Questa è senza dubbio un'ottima soluzione per gli ambienti grandi, ma anche per luoghi come possono essere bar o locali in cui le casse montante direttamente sulla TV non risulterebbero sufficienti.

Scegliere una soundbar

Se non si vuole optare per costosi impianti home theatre è possibile scegliere una soundbar.

In sostanza si tratta di un apposito diffusore audio. Questi sono facilmente riconoscibili in quanto sono vere e proprie barre più lunghe che alte.
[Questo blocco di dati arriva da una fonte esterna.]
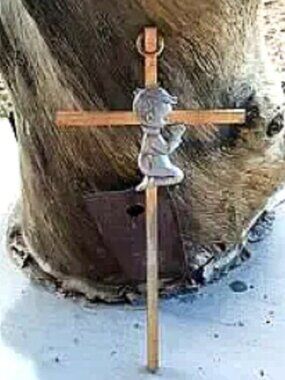 First Communion Cross – Vintage Brass & Pewter Praying Boy Wall Decor 8”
Sono davvero molto versatili: possono essere collegate agevolmente a tantissimi dispositivi diversi senza la necessità di attenzioni particolari.

Soprattutto hanno costi variabili per tutte le tasche, come spiega Domoticafull.it sulle migliori sound bar (aggiornato al 2022), si parte da cifre particolarmente basse come 80€, ma esistono modelli di ottima qualità ad un prezzo giusto sulle 200€ e poi si passa ai migliori modelli in circolazione con prezzi solo per appassionati o veramente esigenti.

Queste ultime, infatti, grazie alla loro forma possono essere posizionate comodamente al di sotto o al di sopra della TV ed amplificheranno il suono, senza appunto una spesa troppo importante.

Questa soluzione è ottima per ambienti che non siano eccessivamente estesi, poiché le dimensioni di queste soundbar risultano comunque piuttosto ridotte.

Tuttavia, il suono che ne scaturisce è spesso di buona qualità per merito dei molteplici altoparlanti di cui sono dotate.

L’alternativa all’amplificazione: le cuffie

Se non si hanno particolari necessità in termini di resa audio all’interno di un ambiente, ma piuttosto si vuole godere di un ottimo suono immersi nell’ascolto di ciò che si preferisce, un'alternativa agli impianti di amplificazione è data proprio dalle cuffie.

Di queste ne esistono numerose tipologie in base alle varie necessità di ascolto.

Le più diffuse e comuni sono senza dubbio le cuffie con il cavo, e la loro qualità è nettamente superiore, poiché non subiscono interferenze esterne e possono essere utilizzate quando si preferisce non necessitando di tempi di ricarica.

Un’altra tipologia di cuffie differente da quelle con cavo è rappresentata da quelle senza fili o wireless.

Queste sono un prodotto decisamente più all’avanguardia che sfrutta tecnologie diverse per trasportare il suono, senza la necessità di un cavo, fino alle orecchie dell’utilizzatore.

Quelle bluetooth sono senza dubbio le più diffuse, tuttavia la qualità sonora risulterà inferiore rispetto alle prime con filo, poiché saranno maggiormente soggette ad interferenze e necessiteranno di tempi di ricarica, avendo un’autonomia di poche ore.

Avete migliorato il suono della televisione?

In conclusione, è possibile affermare che vi siano numerosi sistemi e stratagemmi da adottare qualora si voglia migliorare la resa audio della propria televisione.

Questi, come visto sopra, spaziano dalla semplice regolazione dei parametri del dispositivo consentendo di ottenere una resa migliore direttamente dagli altoparlanti interni, fino all’installazione di soluzioni esterne come nel caso delle sempre più utilizzate soundbar.

Non mancano all’appello soluzione più "immersive" come nel caso delle cuffie sopracitate, che permettono una totale immersione nel suono riprodotto e che magari eviteranno di mandare prematuramente in pensione un televisore che non è di ultima generazione o che non soddisfa l'udito dell'utente.